I found the root cause, but don't know if its worth fixing.  If the board has more than
32 PCI busses on it, the mptable bus array will overwrite its bounds for the PCI busses,
and stomp on anything that's after it.  In this case, what got stomped on is the PAGE_KERNEL_EXEC
variable, which changed the bit-field settings for the page tables (cleared the 'present' bit,
and screwed up the rest), hence accounting for the page fault.

This can only happen if there are more than 32 PCI busses, so I'd say its an _extremely_ rare
condition on a desktop system.  At any rate, the fix would simply be to change the value of the
#define in the mptable.h header file (I forget which exactly, but its easy to find) from 32 to 256.
The side effect of that is that the kernel data area would grow, and mostly be a total waste,
since I can't fathom a desktop system with more than 32 PCI busses.  On arch's where more than
32 PCI busses are likely, the #define is already 256.
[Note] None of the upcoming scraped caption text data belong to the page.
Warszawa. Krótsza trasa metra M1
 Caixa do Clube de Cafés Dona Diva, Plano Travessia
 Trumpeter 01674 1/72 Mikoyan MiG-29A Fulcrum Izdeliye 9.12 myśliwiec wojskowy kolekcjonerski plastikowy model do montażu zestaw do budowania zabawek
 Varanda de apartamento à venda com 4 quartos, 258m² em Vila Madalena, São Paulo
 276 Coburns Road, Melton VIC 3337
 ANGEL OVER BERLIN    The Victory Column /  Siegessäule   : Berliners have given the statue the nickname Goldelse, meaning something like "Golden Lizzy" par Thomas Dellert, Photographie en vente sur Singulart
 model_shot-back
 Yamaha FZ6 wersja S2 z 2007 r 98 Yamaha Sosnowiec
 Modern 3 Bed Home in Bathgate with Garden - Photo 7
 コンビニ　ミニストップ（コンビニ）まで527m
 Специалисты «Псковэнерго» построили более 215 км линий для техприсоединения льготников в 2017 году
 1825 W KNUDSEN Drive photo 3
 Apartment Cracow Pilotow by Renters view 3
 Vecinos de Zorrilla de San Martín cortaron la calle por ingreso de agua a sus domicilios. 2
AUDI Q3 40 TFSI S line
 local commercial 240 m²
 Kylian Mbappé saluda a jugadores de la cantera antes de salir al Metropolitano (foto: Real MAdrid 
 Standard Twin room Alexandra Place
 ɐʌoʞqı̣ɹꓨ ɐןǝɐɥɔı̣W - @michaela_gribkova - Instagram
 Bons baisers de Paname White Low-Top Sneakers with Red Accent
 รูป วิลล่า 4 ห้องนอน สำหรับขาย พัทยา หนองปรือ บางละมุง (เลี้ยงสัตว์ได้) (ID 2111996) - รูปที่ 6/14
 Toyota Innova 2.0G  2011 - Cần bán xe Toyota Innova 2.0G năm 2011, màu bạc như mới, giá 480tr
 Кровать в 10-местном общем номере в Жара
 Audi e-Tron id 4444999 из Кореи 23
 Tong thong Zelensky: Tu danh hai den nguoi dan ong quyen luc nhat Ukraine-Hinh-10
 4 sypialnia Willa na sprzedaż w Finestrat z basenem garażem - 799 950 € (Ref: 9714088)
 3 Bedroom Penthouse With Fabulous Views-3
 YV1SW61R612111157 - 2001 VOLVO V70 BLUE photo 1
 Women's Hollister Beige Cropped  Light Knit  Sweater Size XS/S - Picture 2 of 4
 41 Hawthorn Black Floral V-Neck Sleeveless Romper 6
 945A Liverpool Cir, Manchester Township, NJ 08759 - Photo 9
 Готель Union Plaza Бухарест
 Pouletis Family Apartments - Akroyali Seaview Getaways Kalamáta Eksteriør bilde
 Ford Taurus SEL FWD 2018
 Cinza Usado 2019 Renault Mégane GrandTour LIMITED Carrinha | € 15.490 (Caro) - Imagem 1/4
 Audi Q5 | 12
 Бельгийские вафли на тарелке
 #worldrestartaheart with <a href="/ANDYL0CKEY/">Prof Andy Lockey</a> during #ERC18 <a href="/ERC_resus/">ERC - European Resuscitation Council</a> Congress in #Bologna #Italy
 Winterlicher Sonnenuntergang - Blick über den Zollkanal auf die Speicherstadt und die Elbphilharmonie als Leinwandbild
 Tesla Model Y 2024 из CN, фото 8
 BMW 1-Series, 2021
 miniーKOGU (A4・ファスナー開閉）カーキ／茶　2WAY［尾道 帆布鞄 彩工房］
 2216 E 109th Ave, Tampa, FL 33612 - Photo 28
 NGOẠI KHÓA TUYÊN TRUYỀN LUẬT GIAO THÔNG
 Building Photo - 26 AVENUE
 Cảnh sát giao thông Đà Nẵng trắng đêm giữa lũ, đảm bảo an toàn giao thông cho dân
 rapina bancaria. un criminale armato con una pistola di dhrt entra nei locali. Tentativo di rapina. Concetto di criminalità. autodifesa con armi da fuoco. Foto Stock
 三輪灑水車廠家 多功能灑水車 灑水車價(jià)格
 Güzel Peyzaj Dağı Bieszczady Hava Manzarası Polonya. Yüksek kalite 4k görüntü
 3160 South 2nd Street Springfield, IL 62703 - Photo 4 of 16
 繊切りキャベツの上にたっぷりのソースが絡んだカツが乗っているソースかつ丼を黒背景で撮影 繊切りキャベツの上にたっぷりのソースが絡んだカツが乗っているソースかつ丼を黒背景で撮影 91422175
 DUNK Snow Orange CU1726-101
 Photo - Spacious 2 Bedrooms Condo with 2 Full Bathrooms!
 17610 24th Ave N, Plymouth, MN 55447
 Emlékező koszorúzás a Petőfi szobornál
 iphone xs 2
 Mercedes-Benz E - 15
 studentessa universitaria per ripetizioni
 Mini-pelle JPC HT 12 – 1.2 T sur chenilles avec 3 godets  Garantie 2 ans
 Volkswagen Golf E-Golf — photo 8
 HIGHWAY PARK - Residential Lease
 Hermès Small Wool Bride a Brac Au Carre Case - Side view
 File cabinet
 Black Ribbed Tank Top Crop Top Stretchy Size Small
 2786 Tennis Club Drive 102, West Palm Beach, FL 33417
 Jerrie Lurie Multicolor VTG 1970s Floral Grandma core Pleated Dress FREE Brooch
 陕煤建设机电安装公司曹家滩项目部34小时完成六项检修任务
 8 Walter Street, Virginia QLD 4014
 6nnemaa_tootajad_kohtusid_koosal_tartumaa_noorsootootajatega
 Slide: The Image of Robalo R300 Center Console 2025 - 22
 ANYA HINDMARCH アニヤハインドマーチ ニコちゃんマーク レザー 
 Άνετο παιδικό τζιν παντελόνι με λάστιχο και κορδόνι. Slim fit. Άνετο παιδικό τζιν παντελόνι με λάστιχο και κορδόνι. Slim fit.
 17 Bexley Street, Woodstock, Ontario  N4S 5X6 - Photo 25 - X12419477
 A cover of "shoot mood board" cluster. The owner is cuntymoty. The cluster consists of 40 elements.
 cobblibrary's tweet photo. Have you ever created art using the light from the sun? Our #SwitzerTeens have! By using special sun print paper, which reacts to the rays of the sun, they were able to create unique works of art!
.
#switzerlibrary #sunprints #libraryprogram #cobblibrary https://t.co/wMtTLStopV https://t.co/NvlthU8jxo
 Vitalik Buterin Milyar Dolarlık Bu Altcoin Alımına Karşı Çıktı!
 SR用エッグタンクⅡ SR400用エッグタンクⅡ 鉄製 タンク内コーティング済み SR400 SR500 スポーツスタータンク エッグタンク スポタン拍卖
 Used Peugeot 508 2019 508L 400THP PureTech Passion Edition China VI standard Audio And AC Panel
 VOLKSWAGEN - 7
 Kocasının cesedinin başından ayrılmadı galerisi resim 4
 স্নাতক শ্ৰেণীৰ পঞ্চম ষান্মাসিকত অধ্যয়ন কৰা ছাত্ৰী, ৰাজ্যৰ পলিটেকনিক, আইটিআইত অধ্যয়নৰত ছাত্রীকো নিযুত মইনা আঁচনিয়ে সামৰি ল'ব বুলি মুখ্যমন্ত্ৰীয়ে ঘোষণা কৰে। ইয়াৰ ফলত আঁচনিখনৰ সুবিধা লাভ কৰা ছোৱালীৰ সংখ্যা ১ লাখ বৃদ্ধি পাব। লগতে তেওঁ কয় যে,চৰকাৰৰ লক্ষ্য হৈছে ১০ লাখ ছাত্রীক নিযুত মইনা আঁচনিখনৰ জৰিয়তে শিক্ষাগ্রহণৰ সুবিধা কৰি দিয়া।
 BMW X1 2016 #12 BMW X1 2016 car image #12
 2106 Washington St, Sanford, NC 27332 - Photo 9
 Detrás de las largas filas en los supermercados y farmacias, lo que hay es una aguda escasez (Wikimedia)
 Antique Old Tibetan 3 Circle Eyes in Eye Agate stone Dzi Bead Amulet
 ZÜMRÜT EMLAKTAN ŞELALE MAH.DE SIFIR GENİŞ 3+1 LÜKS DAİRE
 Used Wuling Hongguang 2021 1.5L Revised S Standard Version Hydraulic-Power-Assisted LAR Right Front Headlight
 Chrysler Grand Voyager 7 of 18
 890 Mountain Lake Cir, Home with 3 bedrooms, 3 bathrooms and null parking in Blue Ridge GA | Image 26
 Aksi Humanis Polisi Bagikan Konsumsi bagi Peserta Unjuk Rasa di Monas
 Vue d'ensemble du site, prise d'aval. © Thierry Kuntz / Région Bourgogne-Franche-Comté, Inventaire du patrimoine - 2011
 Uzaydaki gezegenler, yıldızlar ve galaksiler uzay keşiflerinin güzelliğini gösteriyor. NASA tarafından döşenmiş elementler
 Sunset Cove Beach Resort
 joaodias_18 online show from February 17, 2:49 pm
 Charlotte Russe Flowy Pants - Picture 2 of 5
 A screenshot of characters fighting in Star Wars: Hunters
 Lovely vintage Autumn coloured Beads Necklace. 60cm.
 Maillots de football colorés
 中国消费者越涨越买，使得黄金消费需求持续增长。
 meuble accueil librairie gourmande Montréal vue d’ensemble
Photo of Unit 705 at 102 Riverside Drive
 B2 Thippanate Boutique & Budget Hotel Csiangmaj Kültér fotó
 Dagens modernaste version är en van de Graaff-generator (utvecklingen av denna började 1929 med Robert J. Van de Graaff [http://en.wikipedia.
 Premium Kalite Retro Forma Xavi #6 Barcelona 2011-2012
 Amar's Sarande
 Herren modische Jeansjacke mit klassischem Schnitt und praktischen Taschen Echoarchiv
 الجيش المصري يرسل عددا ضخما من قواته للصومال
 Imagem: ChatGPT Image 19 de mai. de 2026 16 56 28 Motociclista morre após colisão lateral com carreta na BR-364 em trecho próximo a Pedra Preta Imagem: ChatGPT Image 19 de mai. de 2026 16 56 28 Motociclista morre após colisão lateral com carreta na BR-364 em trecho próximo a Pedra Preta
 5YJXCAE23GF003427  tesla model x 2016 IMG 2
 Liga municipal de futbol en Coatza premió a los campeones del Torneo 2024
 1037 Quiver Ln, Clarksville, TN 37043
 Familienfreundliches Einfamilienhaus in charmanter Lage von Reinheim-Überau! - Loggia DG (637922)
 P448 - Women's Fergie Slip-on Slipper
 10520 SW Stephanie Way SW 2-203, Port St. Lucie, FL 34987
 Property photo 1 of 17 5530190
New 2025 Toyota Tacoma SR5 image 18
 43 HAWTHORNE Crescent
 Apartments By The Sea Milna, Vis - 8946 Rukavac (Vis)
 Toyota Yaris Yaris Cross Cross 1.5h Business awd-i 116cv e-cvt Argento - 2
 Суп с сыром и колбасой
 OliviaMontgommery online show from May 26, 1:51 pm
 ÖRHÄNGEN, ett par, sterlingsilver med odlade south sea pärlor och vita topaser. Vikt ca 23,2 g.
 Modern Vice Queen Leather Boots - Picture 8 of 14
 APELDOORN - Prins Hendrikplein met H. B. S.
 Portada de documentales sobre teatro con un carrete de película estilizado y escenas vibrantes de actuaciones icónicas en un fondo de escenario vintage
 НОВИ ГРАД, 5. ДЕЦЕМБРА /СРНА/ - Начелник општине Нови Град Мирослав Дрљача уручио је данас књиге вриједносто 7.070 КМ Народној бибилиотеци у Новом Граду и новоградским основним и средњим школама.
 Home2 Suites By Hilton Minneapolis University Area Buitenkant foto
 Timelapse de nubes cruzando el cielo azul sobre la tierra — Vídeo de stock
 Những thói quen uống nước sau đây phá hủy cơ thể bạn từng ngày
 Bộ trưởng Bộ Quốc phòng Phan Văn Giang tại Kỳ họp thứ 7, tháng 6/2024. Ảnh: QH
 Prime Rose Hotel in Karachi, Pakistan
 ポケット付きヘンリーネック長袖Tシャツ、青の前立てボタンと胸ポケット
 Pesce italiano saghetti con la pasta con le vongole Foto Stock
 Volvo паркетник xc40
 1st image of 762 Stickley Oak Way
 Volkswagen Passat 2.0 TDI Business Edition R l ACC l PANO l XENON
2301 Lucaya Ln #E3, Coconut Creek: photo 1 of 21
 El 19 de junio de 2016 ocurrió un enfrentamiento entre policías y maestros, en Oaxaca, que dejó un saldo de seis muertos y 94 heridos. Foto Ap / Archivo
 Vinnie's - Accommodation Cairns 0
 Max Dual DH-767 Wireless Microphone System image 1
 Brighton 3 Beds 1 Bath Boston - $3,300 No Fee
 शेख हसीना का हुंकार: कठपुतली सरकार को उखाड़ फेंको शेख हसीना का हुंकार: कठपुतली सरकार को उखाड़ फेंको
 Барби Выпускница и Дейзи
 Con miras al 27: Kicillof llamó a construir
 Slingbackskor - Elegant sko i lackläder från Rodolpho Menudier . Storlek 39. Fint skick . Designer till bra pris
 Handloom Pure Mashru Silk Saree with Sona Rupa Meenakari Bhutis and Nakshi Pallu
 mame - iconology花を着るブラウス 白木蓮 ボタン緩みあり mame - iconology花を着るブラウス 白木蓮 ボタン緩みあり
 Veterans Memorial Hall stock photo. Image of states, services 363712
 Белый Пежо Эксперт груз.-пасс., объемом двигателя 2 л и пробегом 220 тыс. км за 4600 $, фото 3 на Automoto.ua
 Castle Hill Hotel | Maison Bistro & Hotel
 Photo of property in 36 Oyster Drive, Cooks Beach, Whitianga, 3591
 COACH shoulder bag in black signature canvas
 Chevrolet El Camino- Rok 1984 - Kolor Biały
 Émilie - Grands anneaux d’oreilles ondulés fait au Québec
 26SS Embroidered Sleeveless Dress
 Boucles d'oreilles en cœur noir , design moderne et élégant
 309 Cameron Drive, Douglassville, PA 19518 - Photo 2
One thing to take away from all this is that runtime memory corruption can change the PAGE_KERNEL
and PAGE_KERNEL_EXEC values, causing bogus page faults, followed by oops's.  Usually a buggy
driver or module might cause this, and throw off whoever is trying to debug it from the original cause
of the error.  I'll at least double-check if the PAGE_KERNEL* vars. are still sane after any oops relating
to paging.  Might save me some time...

Thanks for everybody's input and patience.